-- Opening Marker --
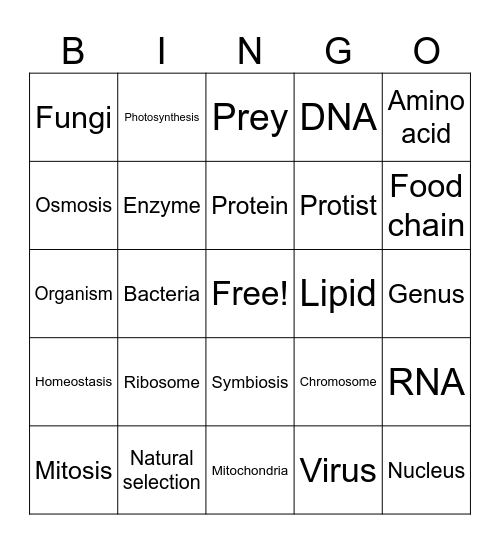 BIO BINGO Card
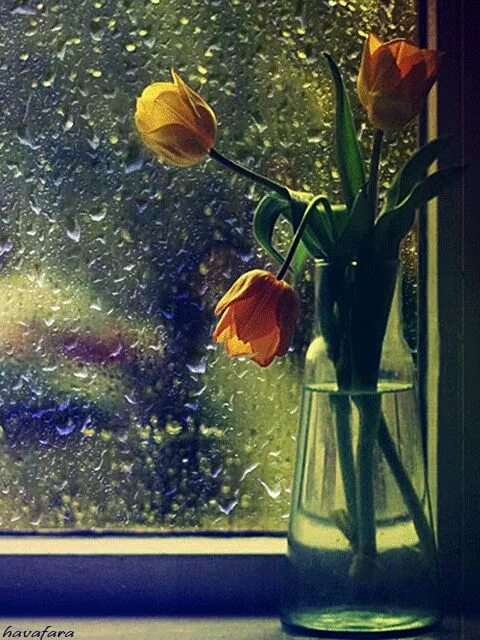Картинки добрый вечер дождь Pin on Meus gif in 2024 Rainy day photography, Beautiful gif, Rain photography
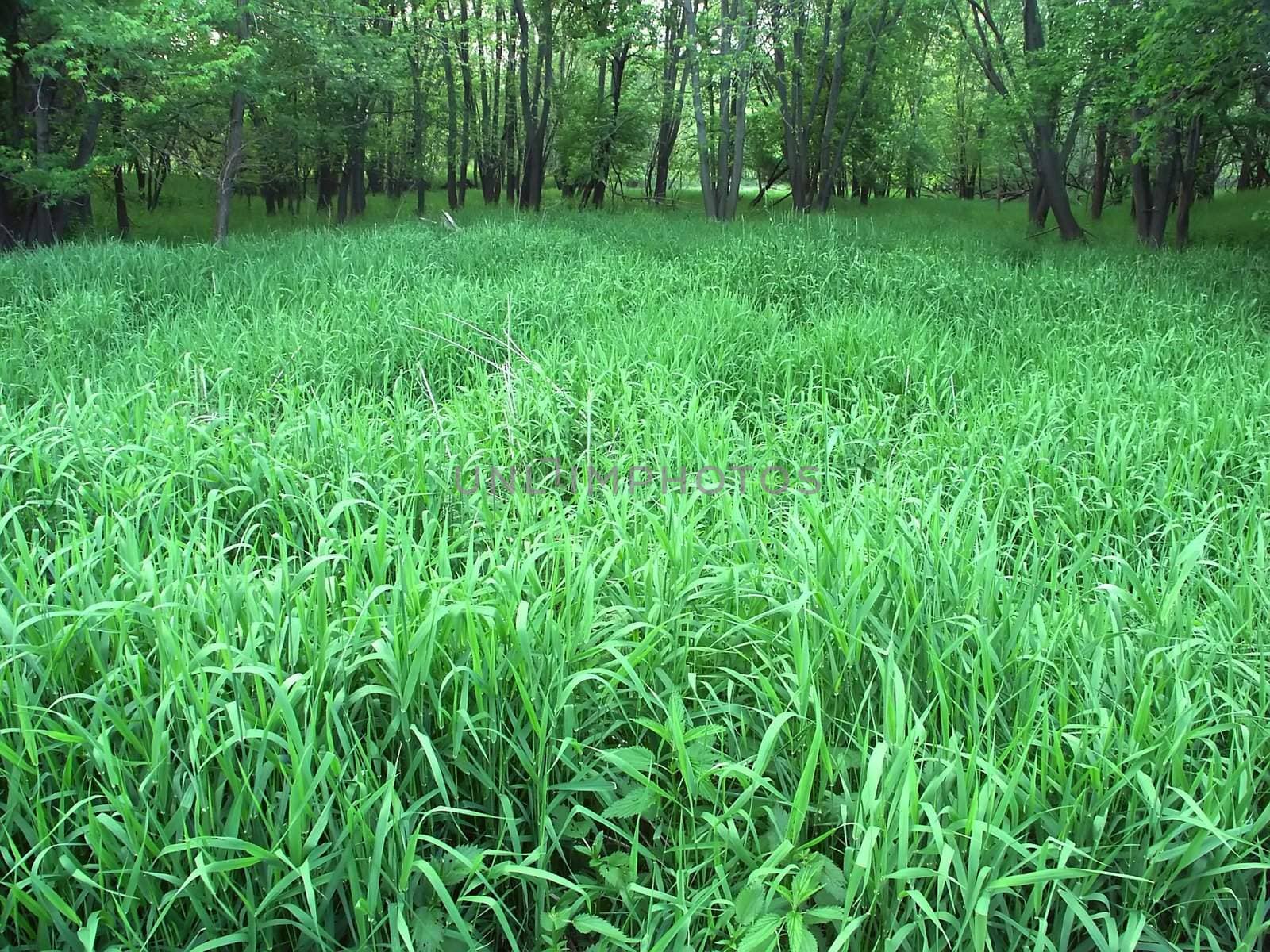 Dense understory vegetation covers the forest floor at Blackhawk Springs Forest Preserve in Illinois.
-- Closing Marker --
### WHAT IS REQUIRED
Repeat the data word for word, minus any pictures.

### WORKED SOLUTION
 BIO BINGO Card
Картинки добрый вечер дождь Pin on Meus gif in 2024 Rainy day photography, Beautiful gif, Rain photography
 Dense understory vegetation covers the forest floor at Blackhawk Springs Forest Preserve in Illinois.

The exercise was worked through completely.